Over 6000 fixed wing aircraft were built at Yeovil between 1915 and 1955.
With the end of the war meant that the large aircraft industry would have to adapt to peacetime needs. The board of Westland Aircraft decided that the future may lie with a totally different form of flying machine, the helicopter.
The first practical helicopters had appeared towards the end of the war in Germany and USA, one of the most successful American designers being Sikorsky. In 1946 Westland negotiated a long term agreement to build Sikorsky designs under licence, but they also made the bold policy decision to specialise in helicopter designs for the future.
Work started with the Sikorsky S-51, which was subjected to some re-design to become the Dragonfly, flying for the first time in 1948, in service with the Royal Navy and RAF by 1953. Success with the Dragonfly was repeated with the S-55 to become the Whirlwind and in 1958 the S-58 was re-engined with a gas turbine to become the Wessex.
The introduction of helicopters into the Royal Navy was to transform Naval Aviation.
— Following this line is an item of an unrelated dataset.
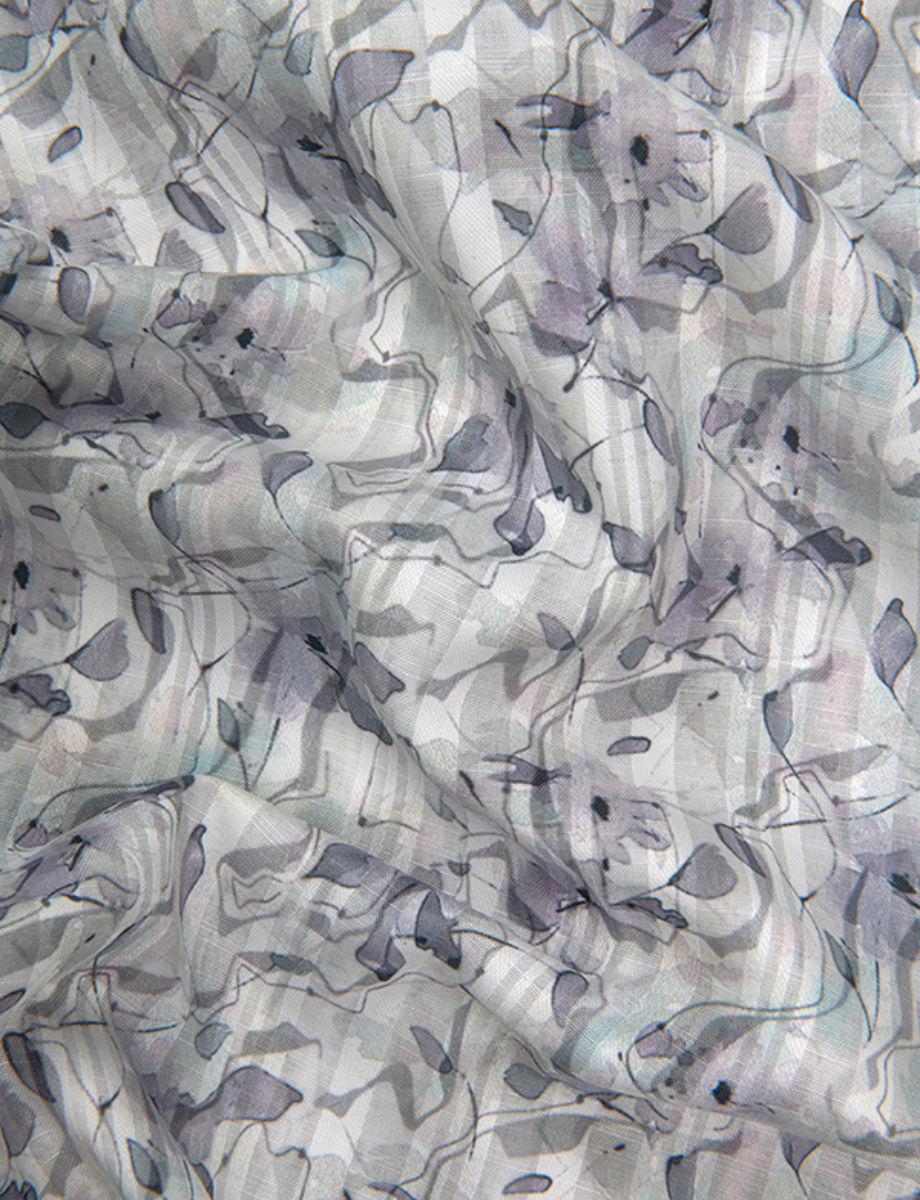 Cotton Printed White with Lavender Flowers Print Shirts for Men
The use of helicopters equipped with dipping sonar superseded fixed wing aircraft in the anti-submarine role while helicopters brought a whole new dimension to search and rescue.
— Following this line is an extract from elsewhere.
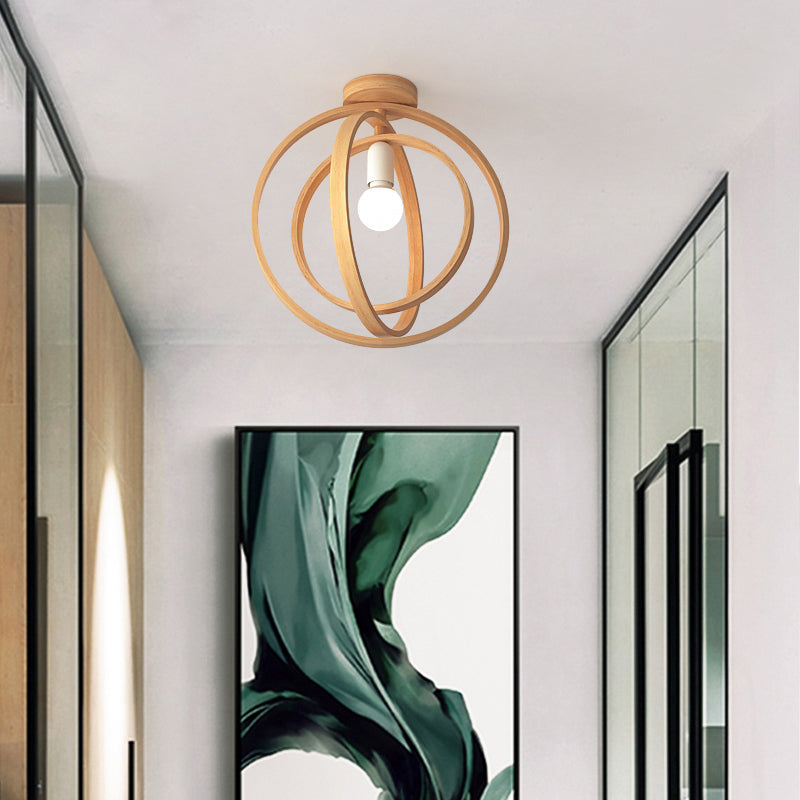 Wood Geometric Cage Flush Light Nordic Style Single Flush Ceiling Light Fixture for Corridor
It must not be assumed that Westland simply built off the shelf designs under licence. In all cases the Westland versions were subject to re-design and incorporated many improvements. Later Whirlwinds were re-engined with gas-turbines and the Wessex included a very advanced autopilot, setting the highest standards in the anti-submarine role.
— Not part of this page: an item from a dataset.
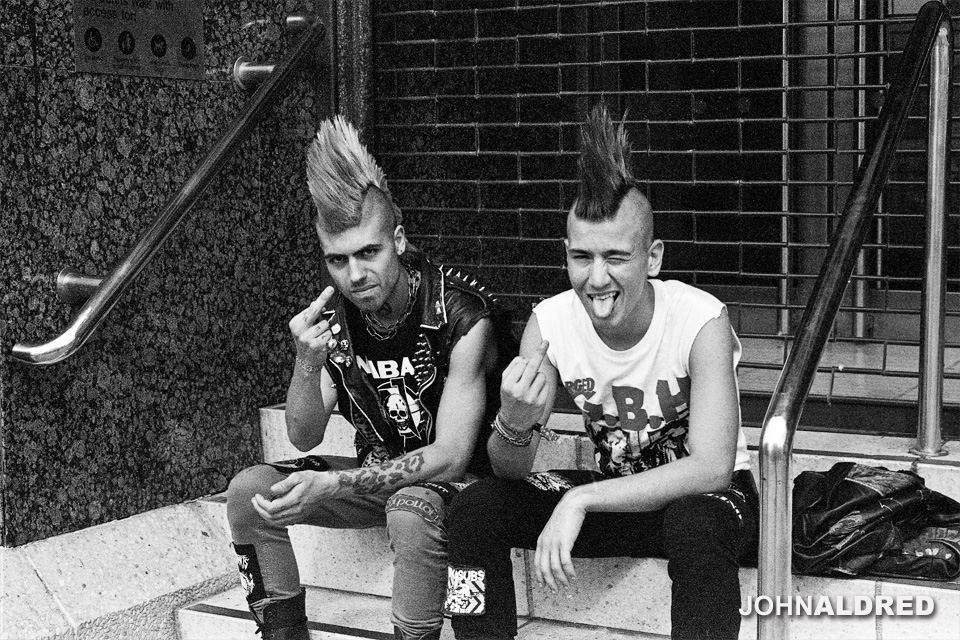 Punks during Rebellion Festival, 2012. Shot on long-expired Kodak Tri-X.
In 1960 the British aircraft industry underwent a major re-organisation. There were at the time over twenty aircraft manufacturers, all competing for a few orders. The government of the time made it clear that it could no longer support this situation.
The result was a period of re-organisation where many of the companies combined to form only two major aircraft manufacturing groups (The British Aircraft Corporation and the Hawker Siddeley Group), neither of which had retained any interest in rotorcraft. Because of its success in the helicopter business, Westland were well placed to take the lead for rotary winged aircraft, there followed a period when Westland acquired Bristol Helicopters, Fairey Aviation and Saunders-Roe to become Westland Helicopters, Britain's sole helicopter company with full order books for Wessex, Scout and Wasp.
The partnership with Sikorsky continued with the adoption of the SH-3D to produce the Sea King. At the same time the British forces requirement for a range of new helicopters was met by collaboration with the French company, Aerospatiale to produce three new designs, Puma, Gazelle and Lynx.
Westland were to take design leadership for the Lynx, while Aerospatiale were to be responsible for Puma and Gazelle. Both companies were to take part in the development and manufacture of all the aircraft. The Anglo-French Helicopter Package Deal represented a major step in the development of Westland within the European aircraft industry.
There followed a period of unprecedented prosperity for Westland, the Lynx was a great success, setting a new high standard for small ship operations with Westland becoming the world leader in this field. A substantial number of Pumas and Gazelles were on order for the British services, while Sea King was doing well in the export market.